Update on the http1.1 vs http2 point, and cloudflare's range requests:

So it looks like http/2 does help a fair bit (about 9+/-2s seconds vs 20+/-2 seconds), but it's still 3x slower than one big request (~2.2+/-.5 seconds on a 50Mb/s link, more or less full saturation).

Those requests are also serial at the column level (in addition to the row group-serialized behaviour we expect, given this is a pull stream). Calling readRowGroupAsync a bunch without awaiting (i.e. you get an array of Promise) gets you row-group parallel, column serial, which might improve things a bit (wrap that in an async generator and loop through your array of promises, awaiting each in sequence, and you have a rough approximation of a push-style stream).
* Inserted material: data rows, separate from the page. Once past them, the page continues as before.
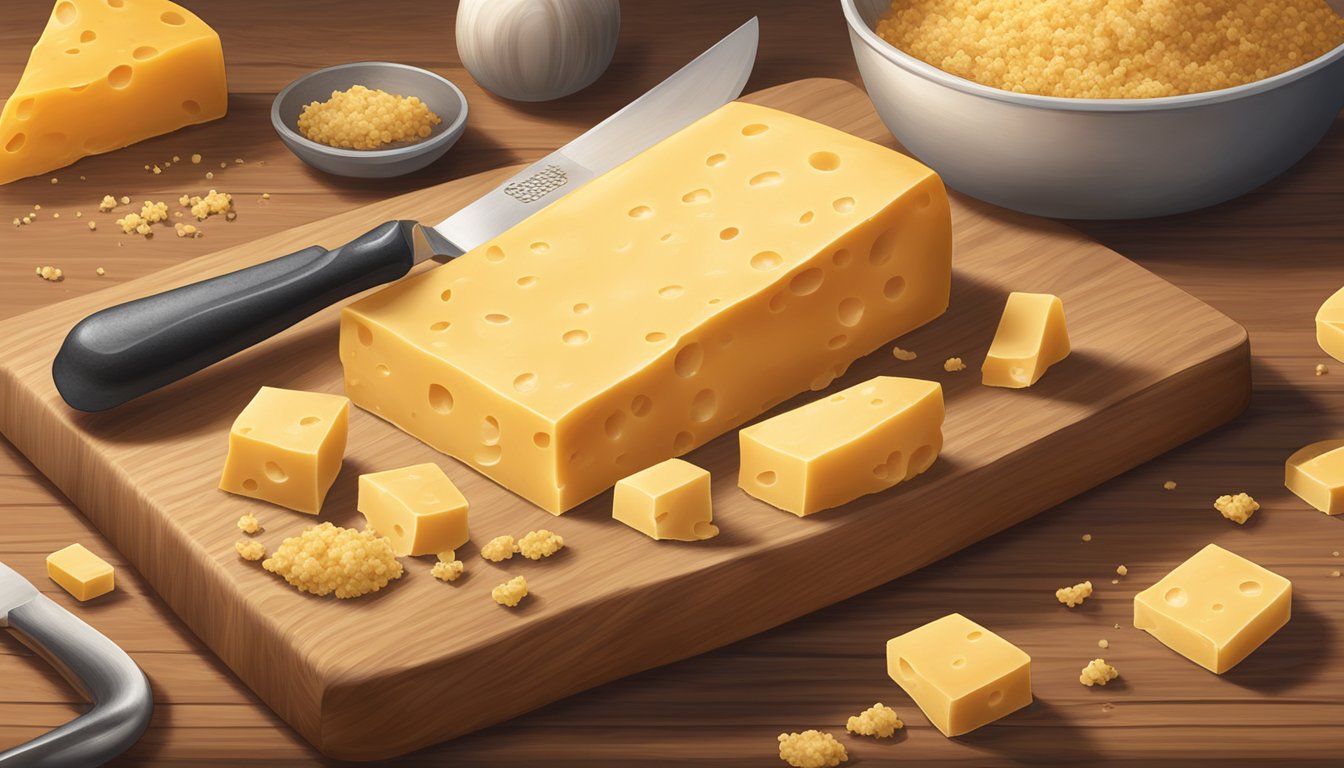 A block of Tillamook cheddar cheese sits on a wooden cutting board, surrounded by a few scattered cheese crumbs. The cheese has a slightly crumbly texture and a golden yellow color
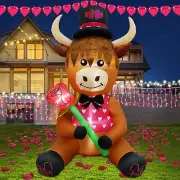 Romantic 5FT Valentine's Day Inflatable Cow with Bright LED Lights & Accessories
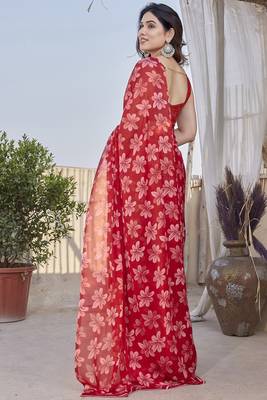 Women's red floral print chiffon ready to wear saree | pre draped party wear saree 4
I think given the intention is there to do column-selective reads, it would probably be worthwhile seeing if we could rework things to dispatch a row group's column requests concurrently or coalesce them into a multi-byte range request (requires a preflight for cors requests, but likely that'd just be one per file).

Cloudflare R2's range requests also appear to be inordinately slow in several ways:

  1. large (say, 20% of the file) slices toward the end of the file frequently took as long or longer than the full request :-/.
  2. ~300ms server-initiated waits every 4th request.
  3. Glacial transmission rates on very small slices (300ms for ~2kB - so around 6kB/s)

Unusual, given Cloudflare's usually stellar perf - I'm inclined to believe the situation hasn't changed since 2021 (see The Impossibility of Perfectly Caching HTTP Range Requests for an interesting write-up and comparison of the major CDN players' approaches), and they're rounding to the entire file.

Doing the same requests in parallel (all columns, all row groups) brings the total time down to the full-size request's (because each and every request hits a different cloudfront CDN worker), though the lack of ordering means the first large column is usually the last to finish (presumably something can be done with the fetch priority flag).